For long term boosting the growth of the flora though I prefer prebiotics.  Prebiotics are fibers used by the flora as food sources and to generate the beneficial acids that keep the Candida under control.   Examples include brans, fructooligosaccharides (FOS), inulin, vegetable gums, etc.

The reason I prefer prebiotics  over probiotics for the long run is that there are literally thousands of different beneficial strains of flora in the human body.  Probiotic sources generally only contain between one to twenty different strains of beneficial bacteria.  This leaves several thousand strains of beneficial bacteria not being replenished when candidiasis is present.  Antibiotics and other flora destroyers never kill off all the flora though.  There are always survivors from different strains that can be built back up if properly fed.  Therefore,  prebiotics have the advantage over probiotics in the fact that prebiotics can restore the growth of all the flora rather than just replacing a limited number of strains.

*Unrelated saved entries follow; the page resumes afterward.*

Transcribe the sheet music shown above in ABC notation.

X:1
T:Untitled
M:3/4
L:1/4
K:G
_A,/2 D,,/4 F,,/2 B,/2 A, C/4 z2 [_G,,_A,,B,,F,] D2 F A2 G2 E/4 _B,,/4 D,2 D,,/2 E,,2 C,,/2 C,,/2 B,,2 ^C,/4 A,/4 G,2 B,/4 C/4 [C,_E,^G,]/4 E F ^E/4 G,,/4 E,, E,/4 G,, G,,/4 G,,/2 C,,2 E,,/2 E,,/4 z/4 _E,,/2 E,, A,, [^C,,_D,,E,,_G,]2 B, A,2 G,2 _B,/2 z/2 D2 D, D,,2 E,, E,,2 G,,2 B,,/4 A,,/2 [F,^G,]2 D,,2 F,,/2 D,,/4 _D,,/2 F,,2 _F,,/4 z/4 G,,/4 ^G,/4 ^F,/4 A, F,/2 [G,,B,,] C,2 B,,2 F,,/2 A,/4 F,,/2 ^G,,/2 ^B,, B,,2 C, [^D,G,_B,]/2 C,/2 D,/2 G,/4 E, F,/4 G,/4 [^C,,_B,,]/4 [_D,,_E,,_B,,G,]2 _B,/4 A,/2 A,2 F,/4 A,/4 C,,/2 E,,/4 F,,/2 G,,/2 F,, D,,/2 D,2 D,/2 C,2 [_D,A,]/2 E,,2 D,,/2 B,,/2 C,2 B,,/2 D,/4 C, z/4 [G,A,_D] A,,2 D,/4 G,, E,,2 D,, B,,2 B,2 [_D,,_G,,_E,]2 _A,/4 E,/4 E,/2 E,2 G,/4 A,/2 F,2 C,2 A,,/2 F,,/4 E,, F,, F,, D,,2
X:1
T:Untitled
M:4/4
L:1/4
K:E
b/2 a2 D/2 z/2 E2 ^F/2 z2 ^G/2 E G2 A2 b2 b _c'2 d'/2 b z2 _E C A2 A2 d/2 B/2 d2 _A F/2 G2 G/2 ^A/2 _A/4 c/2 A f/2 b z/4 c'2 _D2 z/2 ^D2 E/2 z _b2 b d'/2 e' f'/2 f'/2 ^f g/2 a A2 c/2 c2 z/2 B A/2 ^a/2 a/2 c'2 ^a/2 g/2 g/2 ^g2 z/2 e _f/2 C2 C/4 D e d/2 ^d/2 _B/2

The best probiotic source in my opinion are kefirs, which contain a much broader range of probiotic bacteria than supplements or yogurts.  And they are liver, active cultures.  Many people do not realize that most commercial yogurts do not have liver cultures despite having that claim on the label.  The cultures are killed prior to sealing the containers to prevent further fermentation of the sugars that would make the product less sweet and more acidic and would pop the tops off the containers from the carbon dioxide gas.

Drinking large amounts of kefir helps ensure sufficient bacteria will survive passage through the stomach to reach the safety of the intestines.  

Oral probiotics can also help with vaginal candidiasis.  There is no direct route from the intestines to the vaginal cavity though.  Vaginal flora actually come from the bacteria excreted during defecation and that remain on the perianal skin.  From there these beneficial bacteria migrate in to the vaginal cavity.  

Because of this it can be difficult to get enough of the bacteria to migrate to the vaginal cavity for quick relief from vaginal candidiasis.  Therefore, some women will insert kefir or other probiotic sources directly in to the vaginal cavity, which speeds up the process considerably.

A small amount of water kefir or coconut kefir is best for this purpose.  If these are not available then another option is to put some probiotic powder or open a probiotic capsule in to a small container.  Add just enough water to make a thick solution.  Then an eyedropper is used to suck up some of the solution, the woman lays on her back and squirts the liquid in to the vaginal cavity.  A small amount of the liquid is used so that it does not run out and the bacteria remain to re-colonize the tissues.  This is repeated several times a day.  This will normally clear up vaginal candidiasis within a few days.